Even laissez-faire advocates agree with some minimal level of regulation (e.g., court system guaranteeing certain economic and other individual unalienable/enumerated rights and public safety). The issue that we have is regulations typically impose expensive constraints on business activities. Businesses must be able to, at minimum, cover their costs, including taxes, regulatory compliance costs, etc. Those of us who are laissez faire first want to ensure that regulation is necessary; if necessary, we want to determine at what point regulation is sufficient. At that point, additional regulations simply exacerbate costs. It's like healthy eating: we eat to the point our appetites are satiated; additional unnecessary calories are simply converted to fat. Obama's deregulation allegation is like accusing conservatives of arguing that dieting is always good. Dieting is a problem if a person is underweight or at a healthy weight. But we are a long way from a lean federal government.
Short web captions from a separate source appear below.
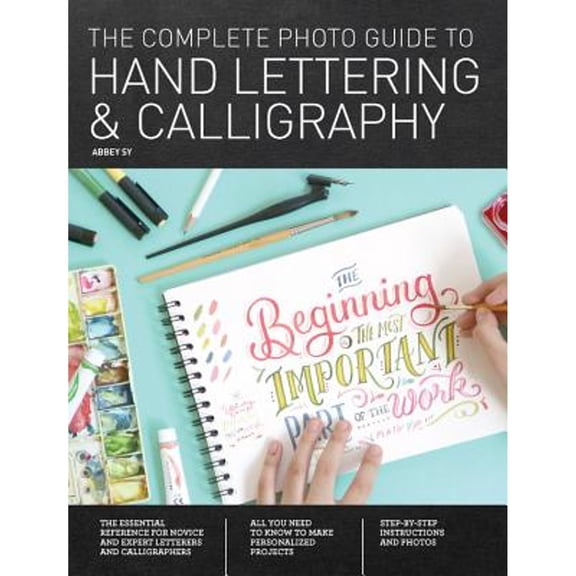 Pre-Owned The Complete Photo Guide to Hand Lettering and Calligraphy: The Essential Reference for Novice and Expert Letterers and Calligraphers (Paperback) 1589239636 9781589239630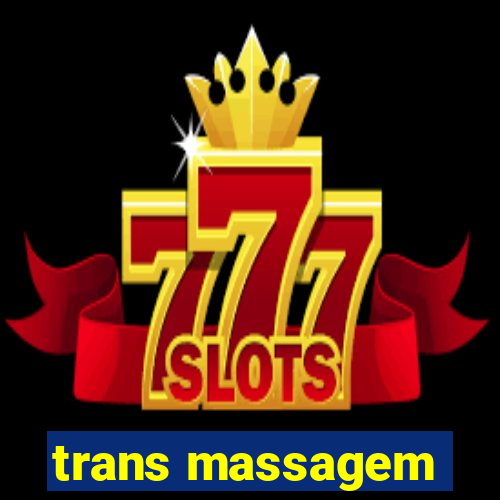 trans massagem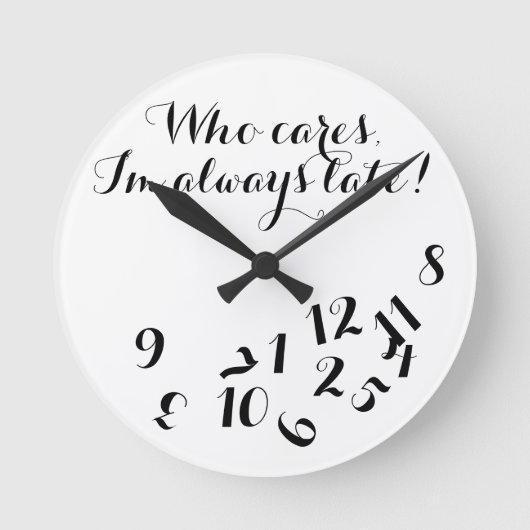 Funny Script Clock, Who Cares I'm Always Late! Runde Wanduhr (Vorderseite)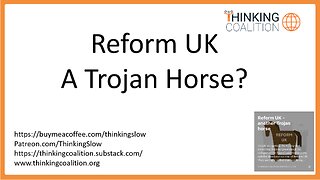 Reform UK - a Trojan horse?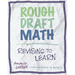 Rough Draft Math: Revising to Learn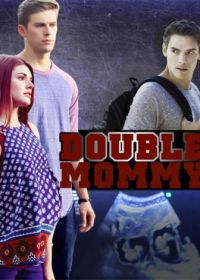 Дважды мама (2016) Double Mommy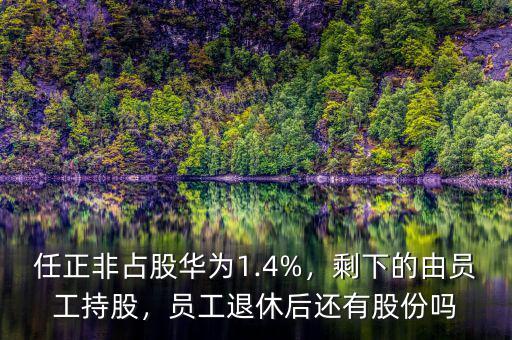 任正非占股華為1.4%，剩下的由員工持股，員工退休后還有股份嗎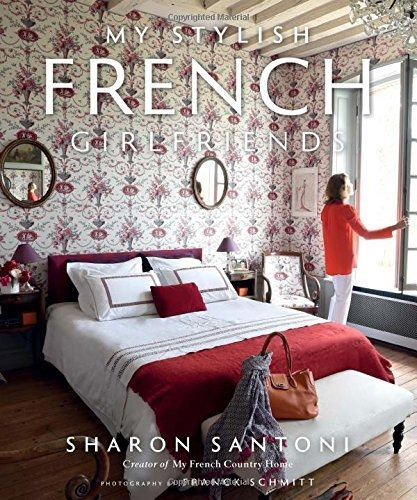 Book : My Stylish French Girlfriends - Santoni, Sharon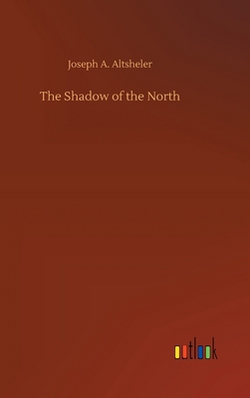 The Shadow of the North|Joseph a. Altsheler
Obama's speech was the usual partisan crap, a clear departure from reality. Just because McCain failed to answer Obama's baseless charges of  McCain's "deregulation-run-amok" policies during the campaign, let us remember McCain's real record on enacted, supported or sponsored legislation:
  • campaign finance regulations
  • patient bill of rights
  • the climate stewardship act
  • for Medicare prescription drug price setting
  • against capping CAFE standards
  • against drilling in ANWR
  • supported Sarbanes/Oxley 
Obama also hadn't noticed John McCain wanted to go after organized baseball over steroids and has recently come out for federal meddling with the boxing profession.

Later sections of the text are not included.